Kapsamlı tıbbi eseri ‘De materia medica’ çok sayıda kopyalandı, orijinali Yunanca olarak dağıtıldı ve daha sonra yüzyıllar boyunca Latince ve Arapçaya çevrildi ve değiştirildi. Romalılar genellikle mandrake'yi şarap ve diğer bitkilerle karıştırarak yatıştırıcı veya uyku ilacı olarak kullanırlardı.
Belki de halüsinojenik ve toksik özelliklerinden dolayı adamotu aynı zamanda büyülü ve doğaüstü güçlerle de ilişkilendiriliyordu. Bitkinin, onu kökünden sökmeye çalışan kişiyi öldürebilecek kadar güçlü bir çığlık attığı söyleniyordu; bu, ortaçağ şifalı bitkilerde sürdürülen bir efsaneydi ve bitki toplayıcılarına bitkiyi aç bir köpeğe bağlamalarını ve daha sonra bir tabak yemeğe doğru koşmasına sağlamasını tavsiye ediyordu. Böylece bitki köpek koşarken kökünden sökülürdü, köpek ölebilirdi ama toplayıcı eğer mesafeyi korur ve kulaklarını tıkarsa güvende olurdu. Aynı hikaye, genç büyücülerin adamotlarını yer değiştirirken kulak koruyucuları takmayı öğrendikleri Harry Potter kitapları ve filmlerinde de yer aldı.
Mandrake, doğurganlık ve doğum için ebeler ve şifacılar tarafından kullanılması nedeniyle belki de cadılıkla da ilişkilendirilmiştir. Örneğin, Jeanne d'Arc (ö. 1431), cadılığının kanıtı olarak bir mandrake kökü taşıdığı gerekçesiyle yargılanmıştır. Bir diğer efsane ise, mandrake bitkilerinin, asılan adamların menisinin düştüğü darağaçlarının dibinde bulunabileceğidir. Cadıların bu bitkileri toplayarak kendilerini hamile bırakacakları söylenirdi. Bu fikir, 1911 yılında yayımlanan Alman romanı ‘Alraune’a (mandrake kökünden yapılan bir muskanın Almancası) ilham vermiştir. Romanda bir bilim insanı, idam edilmiş bir katilin menisini kullanarak bir seks işçisini yapay olarak döller. Ortaya çıkan çocuk, Alraune, sevgi, aşk gibi kavramlardan yoksun büyür ve "cinsel sapkınlıklara" girişir.
15. yüzyıl imza doktrinine göre, bir bitkinin tıbbi kullanımı, onun bir kısmının insan vücudunun bir kısmına veya organına ne kadar benzediğiyle ölçülüyordu. Adamotu kökünün bütün bir insan vücuduna benzemesi onun gücünün bir işaretiydi ve bir bütün olarak insan formuyla olan bu bağlantısı onun doğurganlıkla ilişkilendirilmesinin nedeni olabilir. Bazı şifalı bitkiler, kökün erkek ve dişi doğurganlığını güçlendirmek için kullanılabilecek 'erkek' ve 'dişi' versiyonlarını gösterirdi.

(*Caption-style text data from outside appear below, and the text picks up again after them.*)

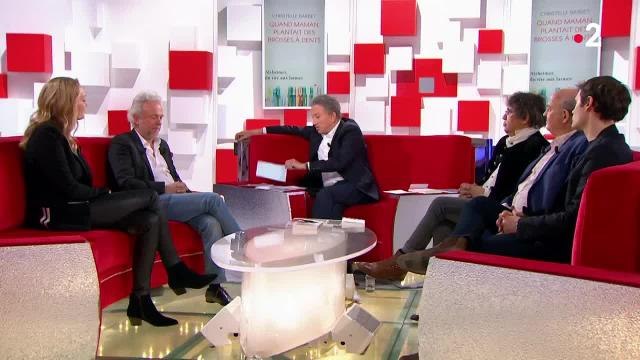 Christelle Bardet officialise son histoire d'amour avec Laurent Gerra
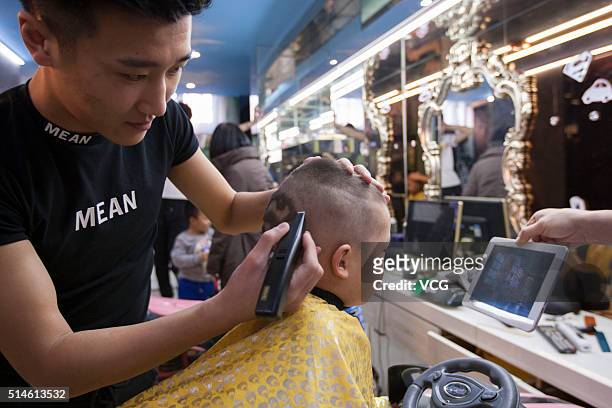 16 Cutting Hair On Dragon Heads Raising Day In China Photos and Premium  High Res Pictures - Getty Images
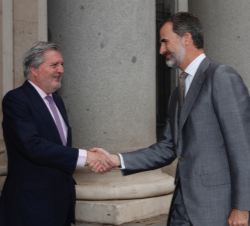 Su Majestad el Rey recibe el saludo del ministro de Educación, Cultura y Deporte, Íñigo Fernández de Vigo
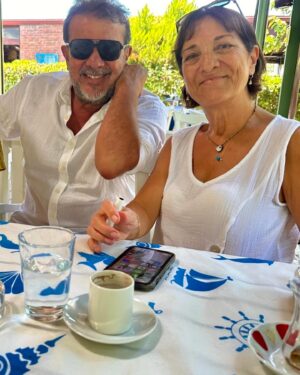 Nebil Özgentürk Instagram - Bugün, 2024 TEMMUZ.. 

Ahmet KAYA belgeselimizin güzel yürekli yüzleri.. Gülten Kaya, Arzu Okay ve Abdurrrahman Keskiner.. 

25 yıl önce.. Zor, çok zor günlerdi, bu zamanlar gibi! Sürgündeki, Paris'teki Ahmet Abiyi ziyaret etmiş, saatler süren röpörtajlar, kamera kayıtları almıştım. 

Alçak ve ahmaklara rağmen, Ankara'nın, derin devletin ve derin medyanın, baskı, sansür, engelleme girişimlerine rağmen, o dönemde çalıştığım medya grubunda yayınlamıştık. Belgesel-haber ve yazı dizisini..

Yıllar geçti, bu sabah yan yanaydık... Kimlerle? 1999'da, yani 25 yıl önce, İstanbul'dan destek veren Apo Gardaş, Paris'te yardımcı olan Arzu Okay ve yüreğinden "evet" diyen Ahmet Kaya'nın hayat yoldaşı Gülten Kaya'yla kahvaltıdaydık.. 

AHMET KAYA BAŞ KONUĞUMUZDU; UZAKTAN, GÖKYÜZÜNDEN.. 

25 yıl önceyi de konuştuk, 25 yıl boyunca ülkede olup bitenleri de..

Hüzün ve onurla.. Hayat, doğruları onaylar, bir gün!.. 🌿🌿🕊🕊✍️✍️🎬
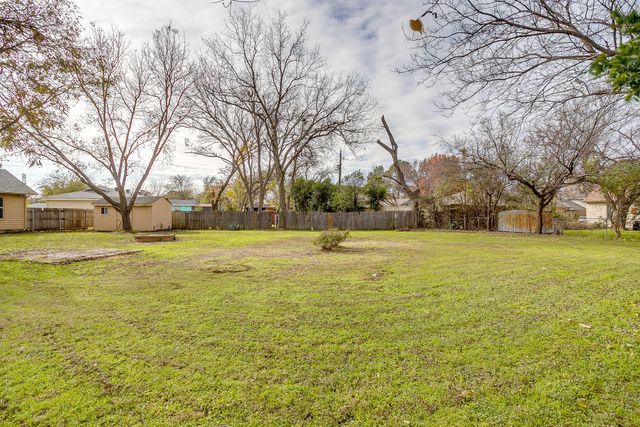 47 Donald Court, Hurst, TX 76053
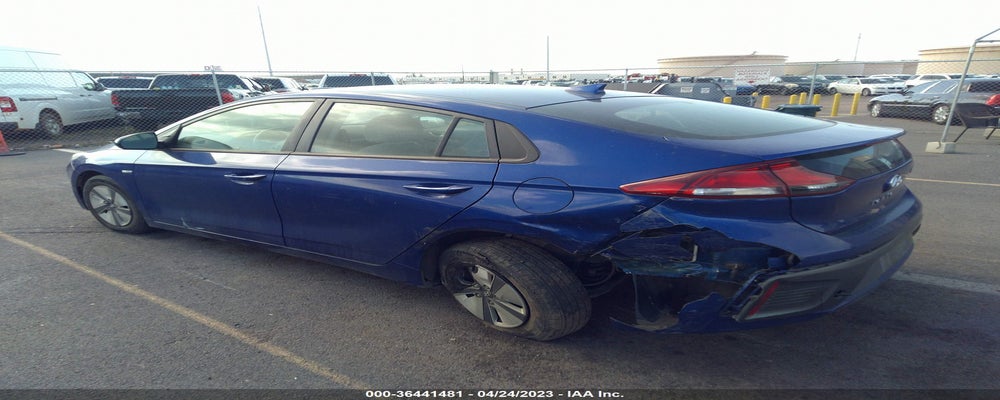 KMHC65LC2LU225902 2020 HYUNDAI IONIQ HYBRID photo no. 3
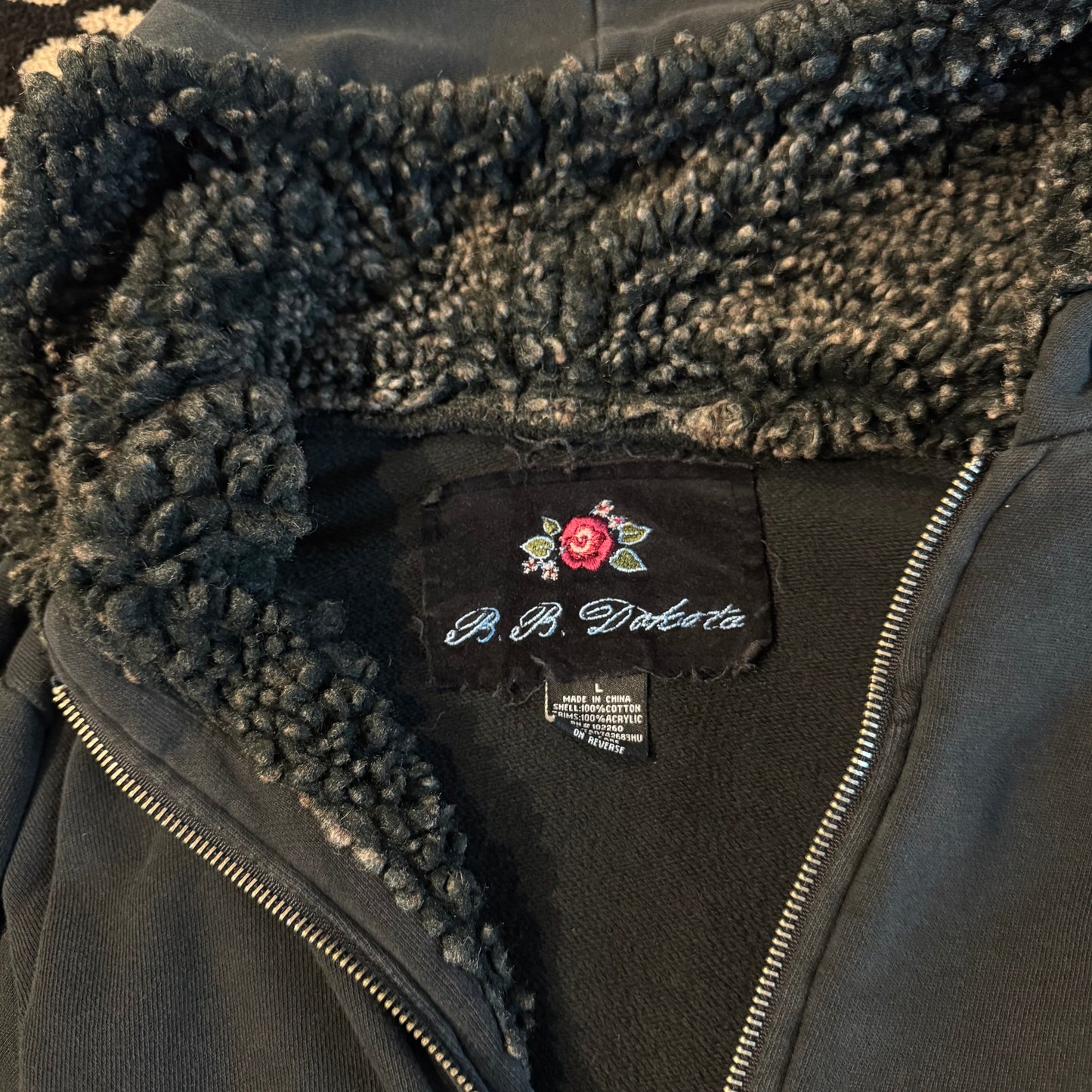 black grungy y2k fur shearling zip up jacket (L)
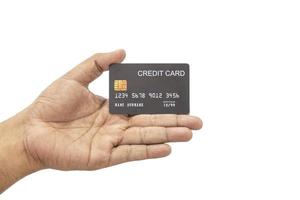 mano cercana de un hombre asiático con una tarjeta de crédito negra en la mano. aislado sobre fondo blanco. concepto de finanzas, comercio, comunicación, social, tecnología, negocios foto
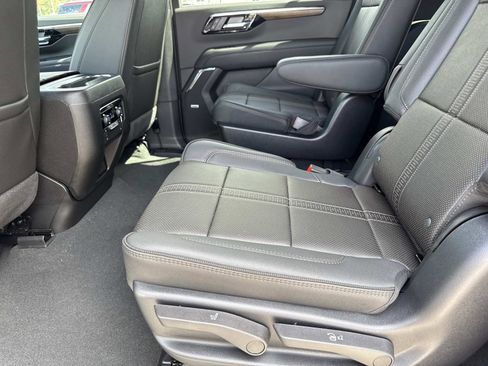 New 2026 Chevrolet Suburban High Country w/ Sun And Tow Package AWD/4WD image 10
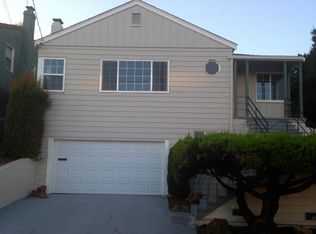 8340 Outlook Ave, Oakland, CA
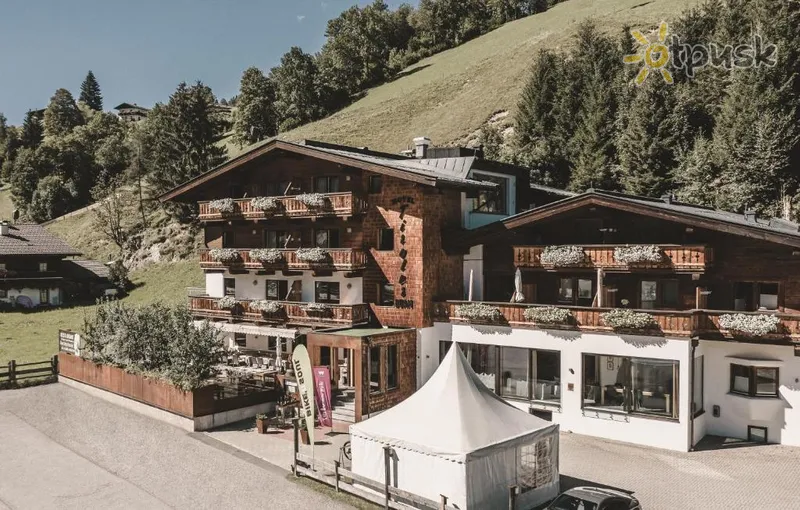 Фото отеля Tiroler Buam Hotel 4* Заальбах Австрія екстер'єр та басейни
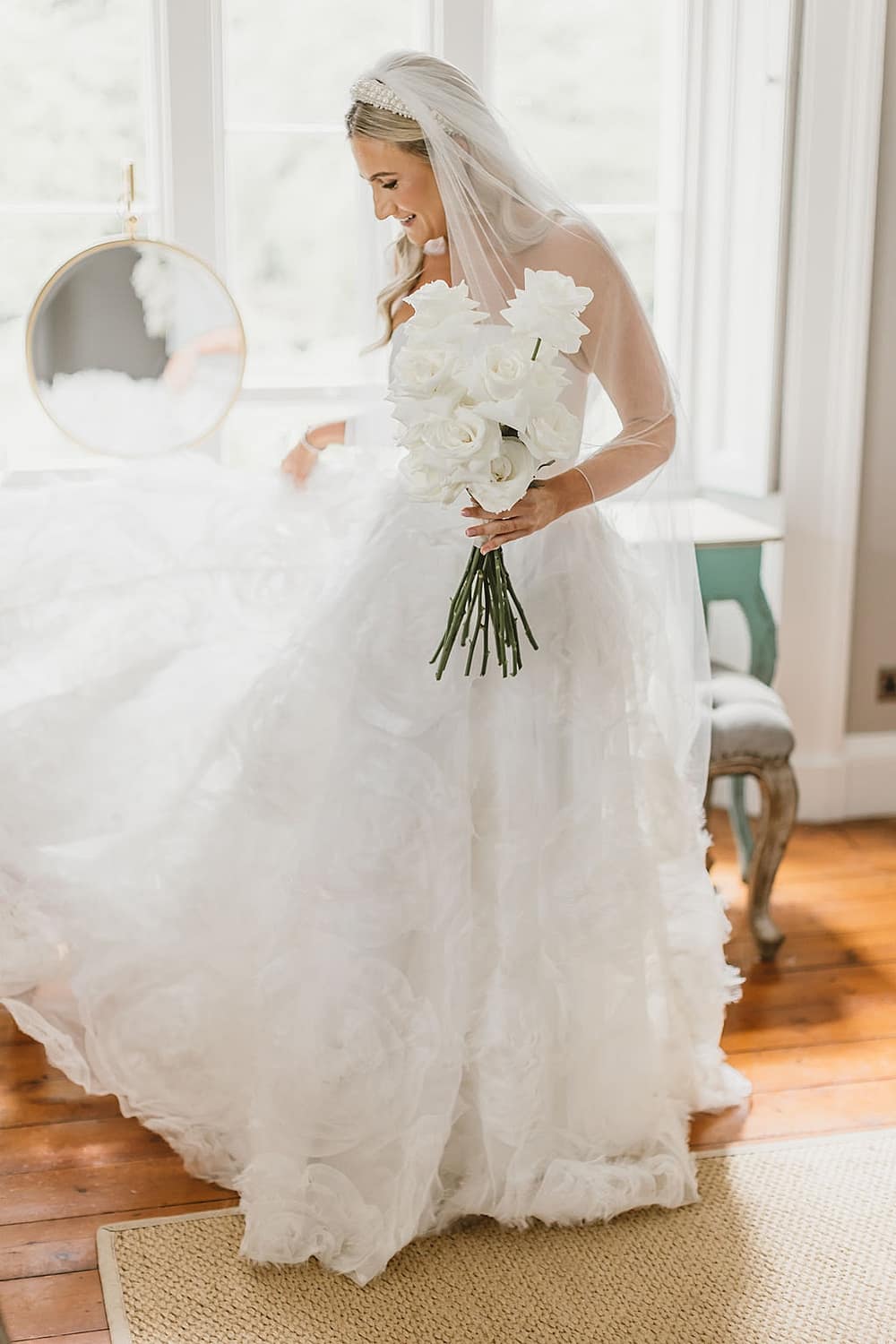 Image by <a class="text-p3" href="https://www.amylouphotography.co.uk" target="_blank">Amy Lou Photography</a>.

Mandrake'nin gücü, onu yutmanın ötesine uzanıyordu: doğurganlığa yardımcı olarak kullanmak için, kök bir kişinin yastığının altına yerleştirilebilir veya durumlarını tedavi etmek için hasta birinin yakınında tutulabilir. Örneğin, 'Pan'ın Labirenti' filminde kahraman, kökü hasta annesinin yatağının altındaki bir süt tabağına koyar. Kökler bazen insan formunu geliştirmek için oyulurdu ve yalnızca hamile kalmaya yardımcı olmak için değil, aynı zamanda aşkı bulmaya ve iyi şans getirmeye yardımcı olmak için bir tılsım veya tılsım olarak kişi üzerinde taşınabilirdi.
Bir Akdeniz yerlisi olarak bitki, nemli ve serin Britanya'da daha az yaygındı ve bryony kökünden (sahte mandrake olarak da bilinir) yapılmış sahte mandrake'ler için hazır bir pazar vardı. Adamotu çığlığı efsanesinin bir nedeni, bulunması zor adamotu bitkilerini çalmaya çalışan insanları caydırmak olabilir. Ancak 17. yüzyıla gelindiğinde adam otunun gücü azalmaya başlamıştı. John Gerard'ın 'Bitki Topu', "Bu bitki hakkında, ister eski eşler, ister kaçak cerrahlar, ister sahte doktorlar hakkında kaç gülünç hikaye anlatıldı, bilmiyorum" diye şikayet etmiştir.
Mandrake, 19. yüzyılda patentli ilaçlarda hala bulunabiliyordu. 1887 yılında Dr. Schenck, mandrake haplarının erdemlerini öven 36 sayfalık bir broşür yayımladı ve bunların "tüm hastalıkları tedavi etmenin akılcı yolu" olduğunu iddia etti. Mandrake'nin "müshil, kusturucu" etkilerinin "mide, karaciğer, dalak, böbrekler, bağırsaklar ve kanın bozulmuş durumlarını" tedavi edeceğini açıklıyordu.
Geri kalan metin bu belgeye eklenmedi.